◆ **What the exercise asks**
Pictures stay out; everything else in the records gets transcribed exactly.
"""
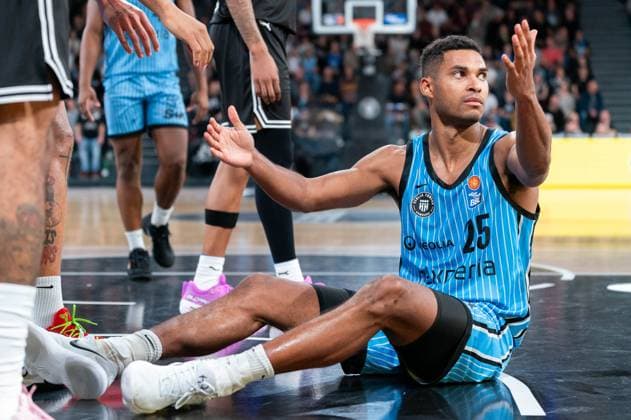 Kenneth Ogbe (Veolia Towers Hamburg, 25) am Boden, Ratlos, enttauescht, GER, Veolia Towers Hamburg vs BMA365 Bamberg Baskets, Basketball, Bundesliga, Spieltag 6, Saison 2025 2026, 01.11.2025 GER, Veolia Towers Hamburg vs BMA365 Bamberg Baskets, Basketball, Bundesliga, Spieltag 6, Saison 2025 2026, 01.11.2025 Hamburg Copyright: xEibner-Pressefoto MaxxVincenx EP_MVN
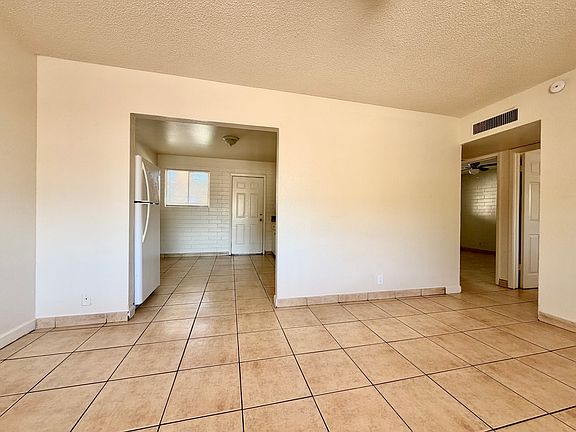 3rd image of 5123 N 28th Dr APT 4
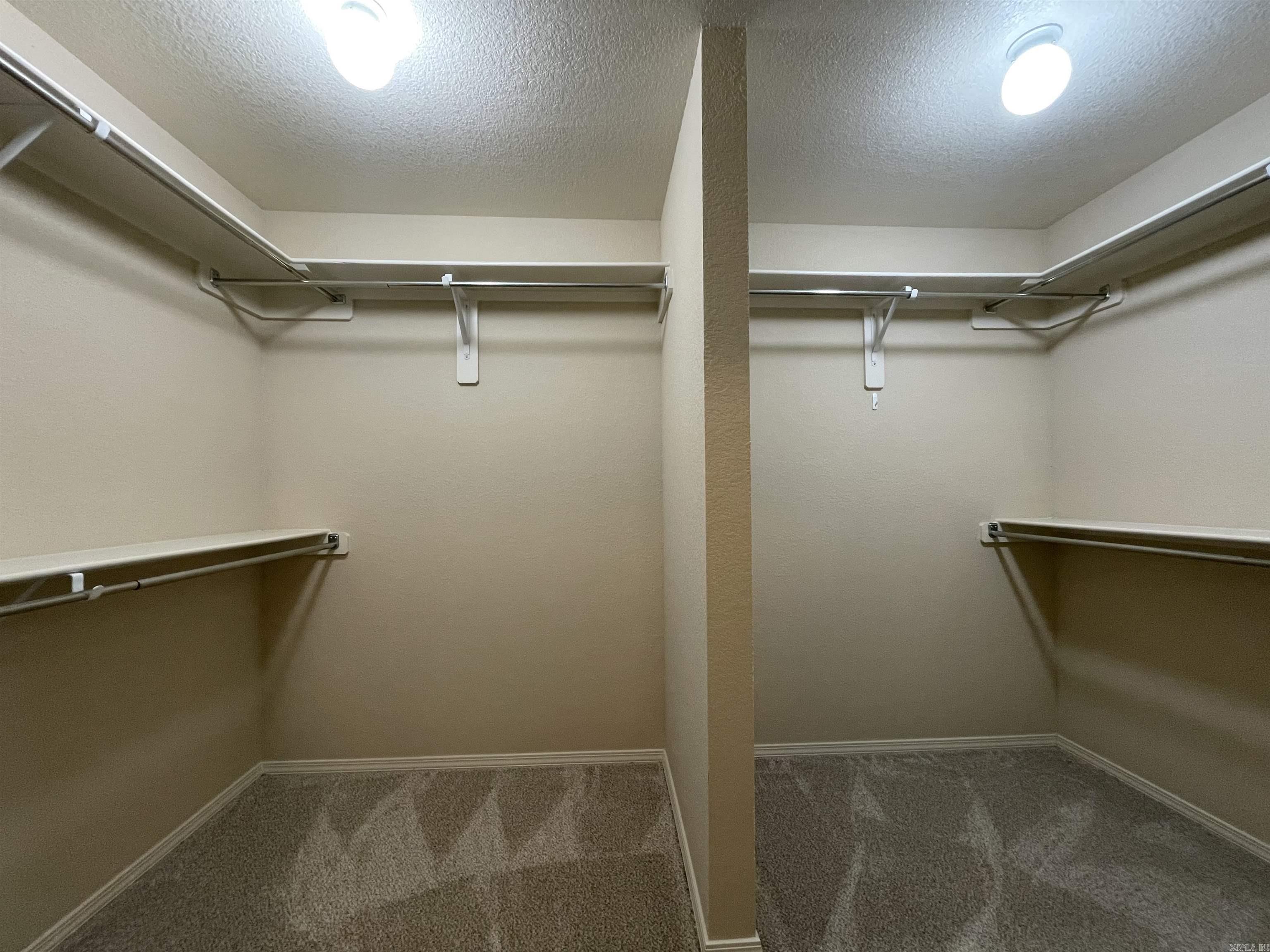 BENJAMIN GROVE - Residential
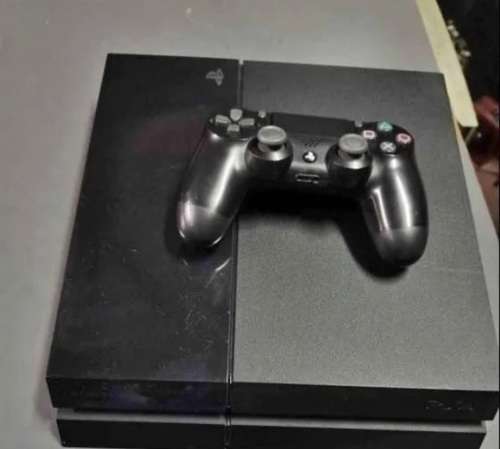Playstation 4 console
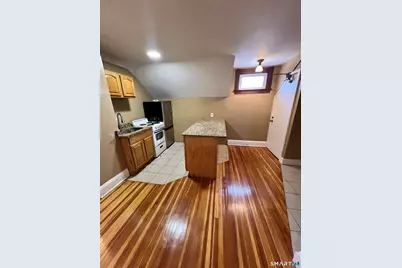 62 Quaker Lane South, West Hartford, CT 06119 - Photo 8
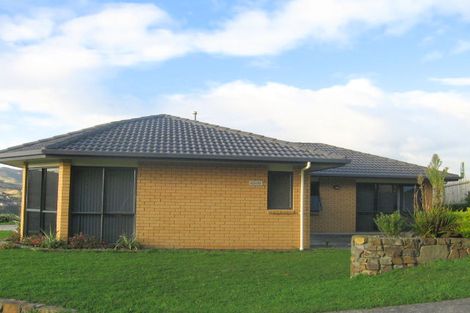 Photo of property in 3 Chastudon Place, Tawa, Wellington, 5028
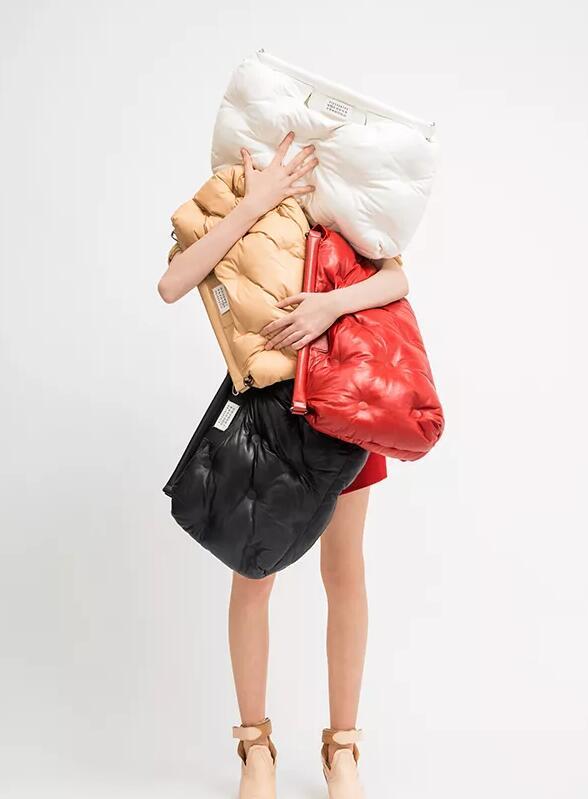 可携带的枕头,最近很火的枕头包夏天百搭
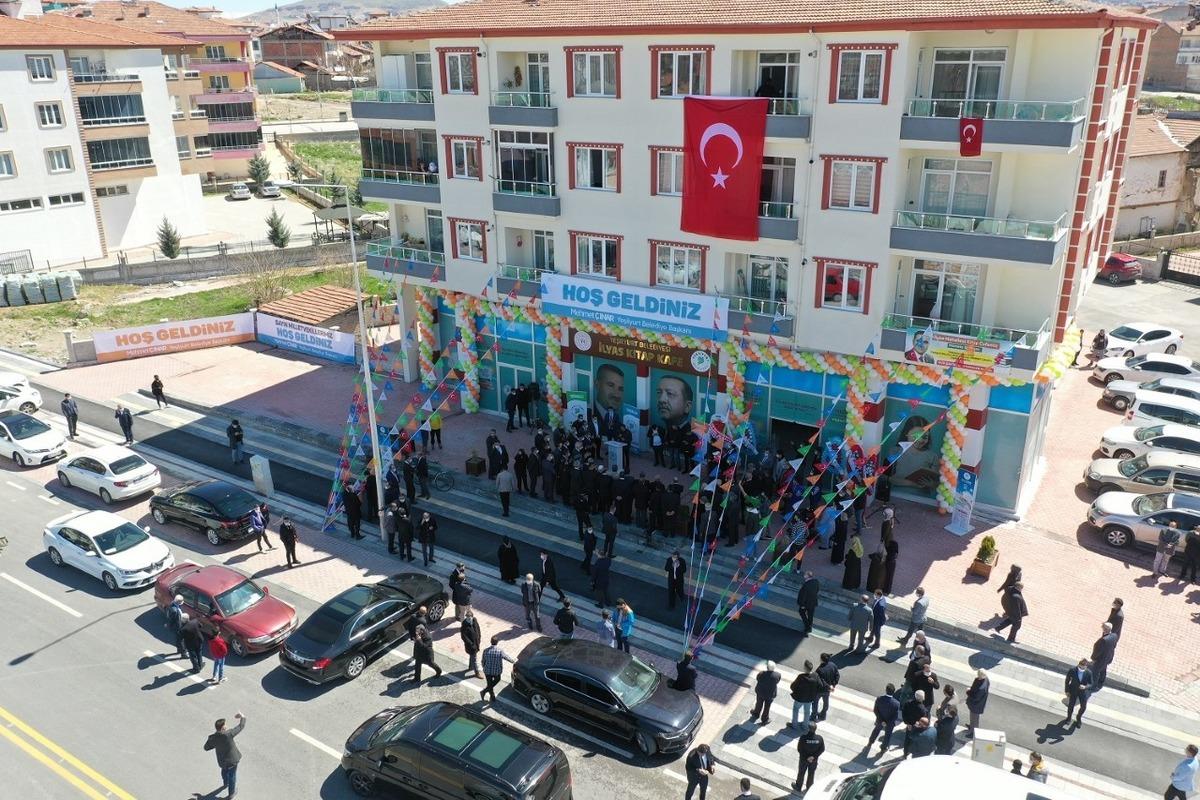 Yeşilyurt&rsquo;ta kitapseverler i&ccedil;in kitap kafe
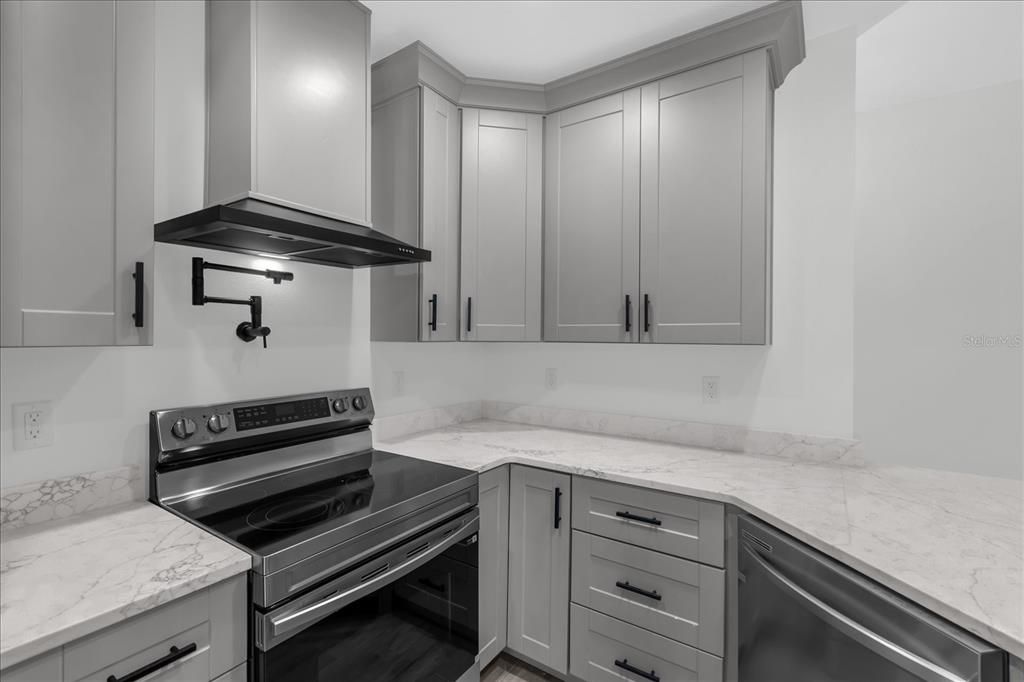 На продажу: $385,000 (4 спален, 2 ванн, 1835 Квадратных фут)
"""
◆ **Answer box**
 Kenneth Ogbe (Veolia Towers Hamburg, 25) am Boden, Ratlos, enttauescht, GER, Veolia Towers Hamburg vs BMA365 Bamberg Baskets, Basketball, Bundesliga, Spieltag 6, Saison 2025 2026, 01.11.2025 GER, Veolia Towers Hamburg vs BMA365 Bamberg Baskets, Basketball, Bundesliga, Spieltag 6, Saison 2025 2026, 01.11.2025 Hamburg Copyright: xEibner-Pressefoto MaxxVincenx EP_MVN
 3rd image of 5123 N 28th Dr APT 4
 BENJAMIN GROVE - Residential
Playstation 4 console
 62 Quaker Lane South, West Hartford, CT 06119 - Photo 8
 Photo of property in 3 Chastudon Place, Tawa, Wellington, 5028
 可携带的枕头,最近很火的枕头包夏天百搭
 Yeşilyurt&rsquo;ta kitapseverler i&ccedil;in kitap kafe
 На продажу: $385,000 (4 спален, 2 ванн, 1835 Квадратных фут)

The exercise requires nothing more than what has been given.